The following week, Hans Graf, music director of the Houston Symphony, was back in a program of Russian music that proved he’s more than just a good Mozart conductor. This was an enjoyable if unmemorable concert of infrequently performed pieces. Tchaikovsky’s Shakespeare-inspired symphonic fantasia The Tempest is a characterful tone poem that lacks the inspired melodies and structural intricacy of the more justly famous Romeo and Juliet Fantasy-Overture but is still worth hearing (Graf had led the only other BSO performance). Shostakovich’s First Cello Concerto brought us the phenomenally gifted young German cellist Claudio Bohórquez (his parents are from Peru and Uruguay), who played spectacularly but except for the central cadenza didn’t seem quite inside this oddly unpleasant piece written for Mstislav Rostropovich. The audience called him back for an encore — a more satisfying solo Bach movement. After intermission came Tchaikovsky’s most appealing symphony, No. 2, the Little Russian, one of the very few pieces Stravinsky ever conducted that he hadn’t composed. Graf didn’t do anything wrong, but even after the live BSO performance, it’s Stravinsky’s more delicately nuanced, more rhythmically authoritative and articulate performance (with the LA Philharmonic!) that I keep hearing in my head.

Things picked up considerably this past week, with the return of Colin Davis — Sir Colin Davis — after an absence of 19 years. The former principal guest conductor of the BSO was so well liked here, he was invited to become music director — twice. He led two pieces by composers often associated with English conductors: Elgar and Haydn (few conductors have surpassed Sir Thomas Beecham in capturing both the wit and the profundity of "Papa" Haydn).

Sir Colin chose a relatively early Haydn symphony, No. 72 in D (the advanced numbering appears to derive from an early-20th-century misdating), a piece the BSO had never performed before.
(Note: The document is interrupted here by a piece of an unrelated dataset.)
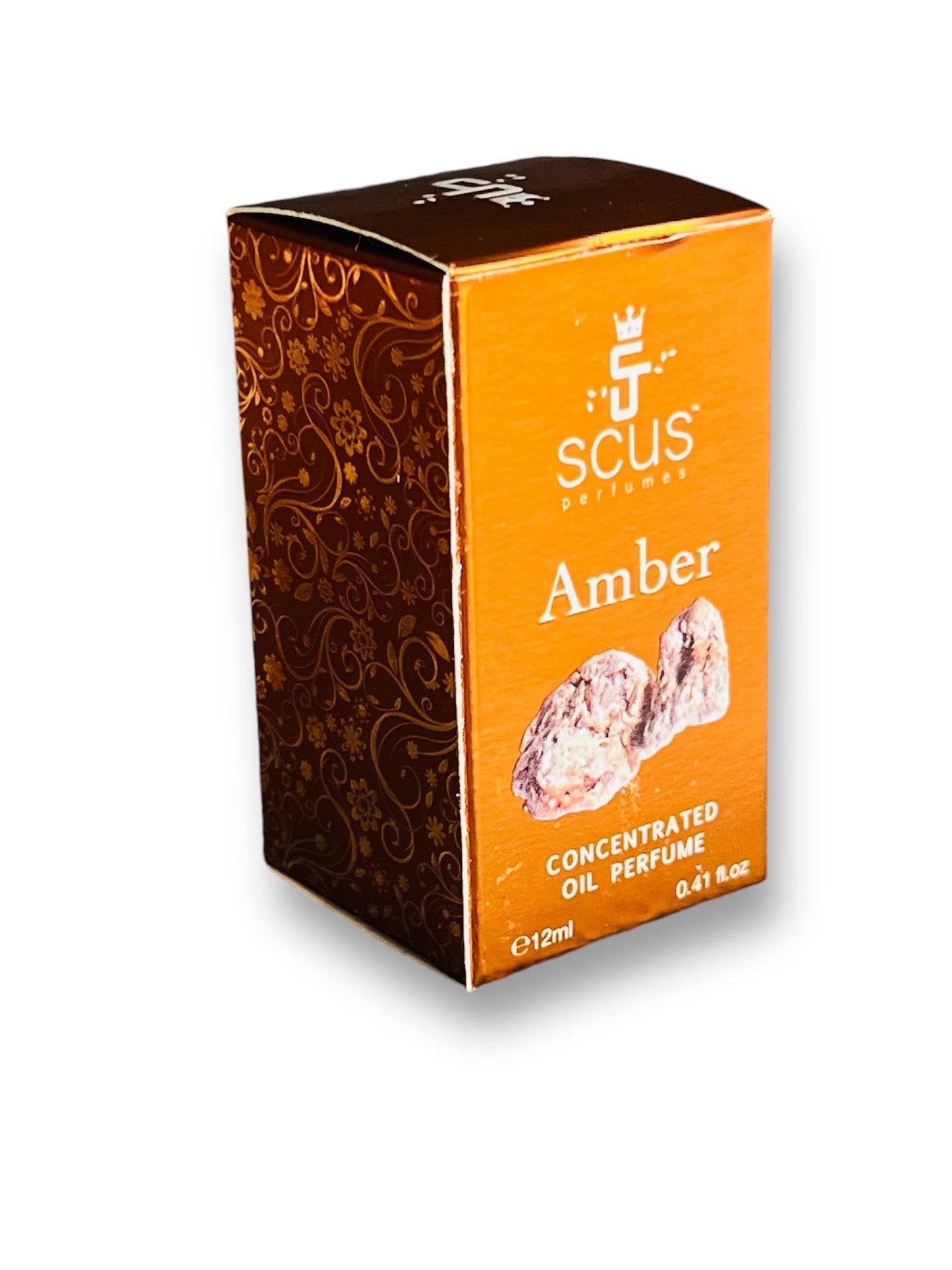 Amber Fragrance 12 ML (0.41 fl oz)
It begins as a "hunting" symphony, with exhilarating, fluttering horn calls from four horns — James Somerville, Daniel Katzen, Jay Wadenpfuhl, and Jonathan Menkis — playing in antiphonal pairs and leading the chase. The four brief movements, without much development, have more the feel of a divertimento than a full-fledged symphony. The most charming movement is probably the last: a series of lively variations based on a theme with a stealthy tread, the best of which is an extended solo for double bass (Edwin Barker at his best).

Elgar’s big Second Symphony (1911) has a little too much nobility and what Yeats called "heroic melancholy" (according to Michael Steinberg’s impassioned program note) for my taste. He’s been called "the English Mahler," though he seems more like an English Bruckner, more monolithic than mercurial. The most urgent readings of the score are Elgar’s own (he recorded it twice, in 1924 and 1927; both are on EMI’s historic Elgar Edition). Davis led us through the piece with intense conviction, and the orchestra played its collective heart out.